Rate this Page

Int4WeightOnlyConfig#

class torchao.quantization.Int4WeightOnlyConfig(group_size: int = 128, set_inductor_config: bool = True, int4_packing_format: Int4PackingFormat = Int4PackingFormat.PLAIN, int4_choose_qparams_algorithm: Int4ChooseQParamsAlgorithm = Int4ChooseQParamsAlgorithm.TINYGEMM, int4_tile_packed_ntile: int = 8, version: int = 2)[source][source]#

Configuration for int4 weight only quantization, only groupwise quantization is supported.

Parameters:
  • group_size – parameter for quantization, controls the granularity of quantization, smaller size is more fine grained, choices are [256, 128, 64, 32]

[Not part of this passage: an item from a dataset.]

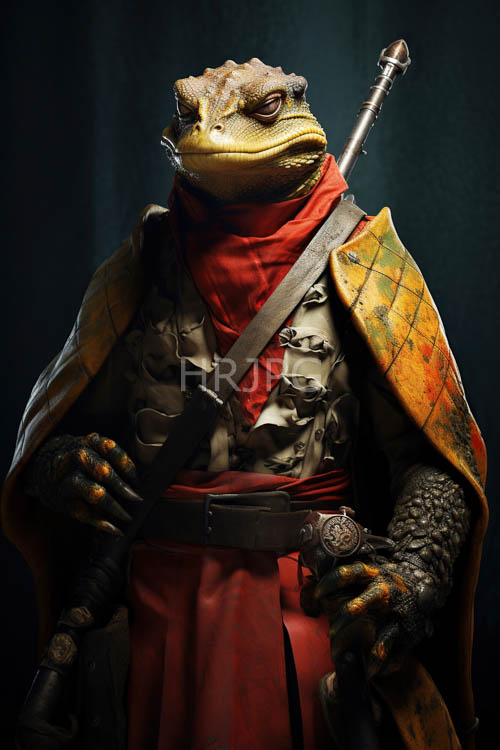 medievalstyle armor clad lizard warrior yellowgreen scaled skin vibrant red scarf wind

  • int4_packing_format – the packing format for int4 tensor

  • int4_choose_qparams_algorithm – variants of choose qparams algorithm to use for int4, currently support TINYGEMM (“tinygemm”) and HQQ (“hqq”)

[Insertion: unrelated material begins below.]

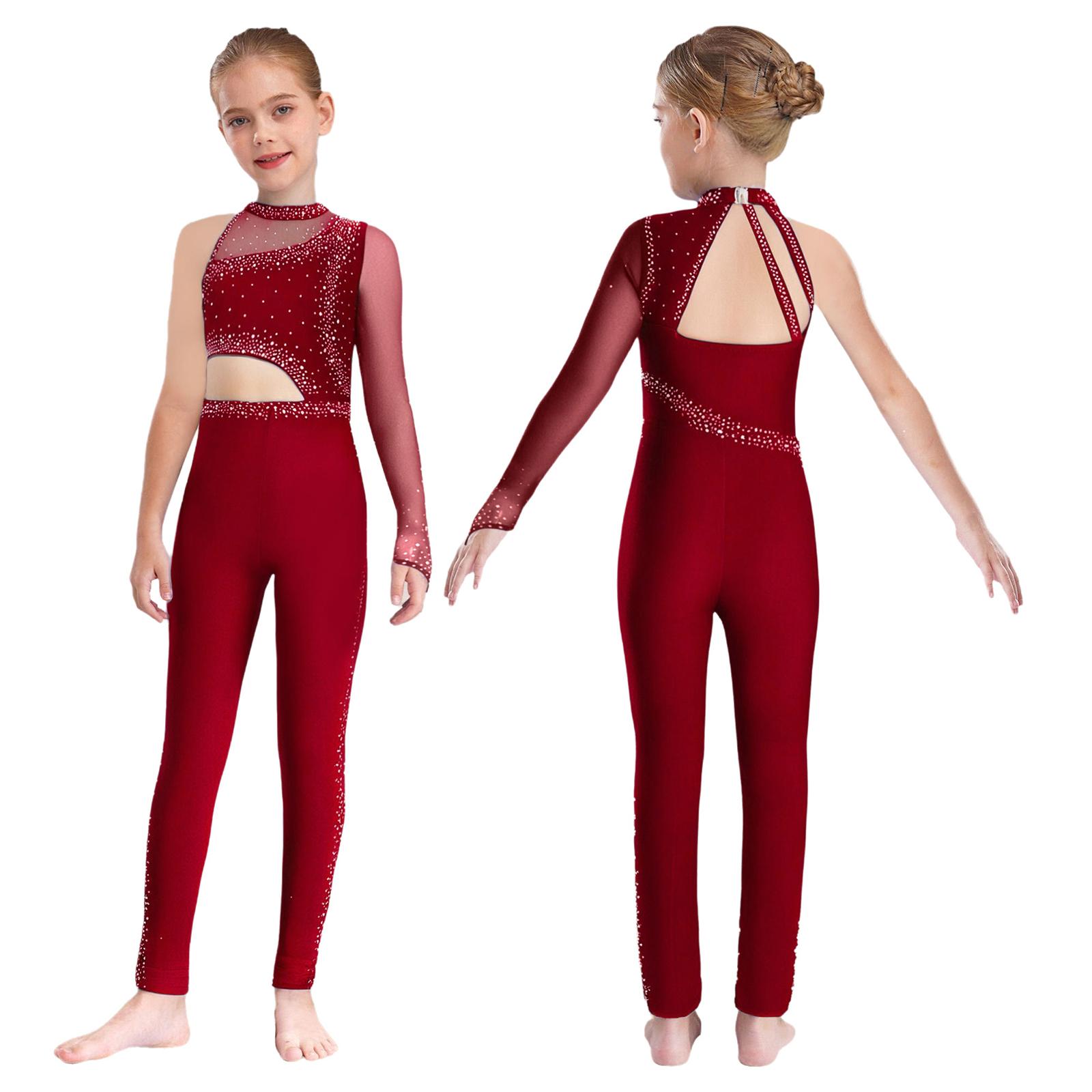 Mädchen Ein-Schulter-Gymnastik-Jumpsuit Durchsichtiges Netz Funkelnde Strasssteine Ganzkörper-Leotard Ballett Eiskunstlauf Unitard Kostüme 9-10 Years rot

  • set_inductor_config – if True, adjusts torchinductor settings to recommended values.

  • int4_tile_packed_ntile – ntile size for TILED_PACKED_TO_4D format, default is 8 for CUDA platform, 16 for ROCm platform

Example:

import torch.nn as nn

from torchao.quantization import Int4WeightOnlyConfig, quantize_

model = nn.Sequential(nn.Linear(2048, 2048, device="cuda"))

config = Int4WeightOnlyConfig(
    group_size=32,
    int4_packing_format="tile_packed_to_4d",
    int4_choose_qparams_algorithm="hqq",
)

quantize_(model, config)